Tout commence quand Paul arrive sur le parking d'un hôtel entre la dune et un cours d'eau ondulant vers l'océan. Retrouvant quelques souvenirs, il y prend une chambre. Il ne sait combien de temps il restera. Tout dépendra du lieu, des traces qu'il y trouvera ou retrouvera.

Tous les personnages de cette histoire sont à la recherche de quelque chose. Françoise l'hôtesse en lutte avec son mari Daniel qui ne veut pas lui donner ce qu'elle attend viscéralement. Ce même Daniel est rendu presque fou d'ennui par les lieux, le vent, la pluie comme si l'endroit faisait tout pour qu'il parte.

Il y a surtout Paul, ce voyageur solitaire, revenu sur les lieux de son enfance, en quête de son grand-père disparu depuis longtemps, et d'une mystérieuse Dame qu'il croise au détour de ses promenades sur la plage. Fée, rêverie, souvenir d'enfance.. la Dame va, vient et s'évapore en fonction des humeurs de Paul. Seuls les poèmes qu'il note sur un carnet arrivent à rendre ce qu'il ne peut dire.

il a peur, mais il ne sait pas de quoi il a peur. Il n'en finit plus de tomber à l'intérieur de lui-même, comme dans une nuit sans fin.

J'ai aimé l'ambiance de cette auberge en bord d'océan. Là où les silences de morte saison sont propices aux divagations, aux rêveries.

L'esprit divague parmi les décombres de la pensée

Là aussi où les solitudes se rencontrent, se confrontent.

L'écriture d'Olivier Deck, également photographe, est toujours aussi visuelle, photographique, à moins que cela ne soit mon regard sur ce bout de côte, l'auberge prise entre la dune et les vagues. Ses mots donnent envie d'être sur place, à marcher dans les flaques laissées par la marée, les cheveux pris dans les bourrasques du vent, sur la dune ou derrière la baie vitrée voilée par la pluie.

Rien ne dit que nos frayeurs, nos manques ne viendront pas nous visiter au détour d'un arbousier ou d'un coquillage.

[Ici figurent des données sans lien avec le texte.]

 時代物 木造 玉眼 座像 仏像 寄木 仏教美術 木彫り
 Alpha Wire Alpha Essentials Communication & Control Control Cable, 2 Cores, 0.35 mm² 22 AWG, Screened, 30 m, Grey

De ce roman, de ces mots, on pourrait dire comme Françoise à Paul : « Il y a beaucoup de nostalgie dans la musique de tes mots ».

A lire pour cette écriture évanescente, mystérieuse, onirique. A lire pour ces images poétiques de grand large, de grande intériorité.

Du même auteur : Une nuit à Madrid, La voie ferrée

Dédale

Extrait :

Il aime cet air, tantôt lourd, tantôt coupant. Le souffle de l'océan. Le premier qui a empli ses poumons.
Les heures de marche sur la plage remontent en lui, comme s'il n'avait jamais cessé d'y marcher. Seul. Un enfant seul marchant sur la plage. Il livrait ses joues et ses cheveux au vent. Le vent qui menaçait l'équilibre. Le vent qui vrombissait aux oreilles, le déchirait comme une voile trop fine trop bordée.
Comme une feuille de papier.
Il se perdait à observer les nuages qui roulaient jusqu'au rivage et lorsqu'ils crevaient, l'eau déferlait sur le sable et s'en allait noyer le pays tout entier sous d'épaisses trombes.
Il se souvient maintenant, c'est là, en lui, il se souvient.

Des averses et des averses et des averses.

La rumeur de la dune.
Les grincements des pins. Les pins difformes. Ceux qui se tiennent en première ligne. Ceux que défoncent les coups de mer, les gifles de l'ouest. Ratatinés, tordus, entortillés par les bourrasques.

Il marche, fuyant son ombre, cherchant ses propres traces sur le sable.

Enfin, il trouve un repère, en lui et hors de lui : la conversation avec l'océan. la profonde conversation dans une langue sans mots. Une langue uniquement faite de présence.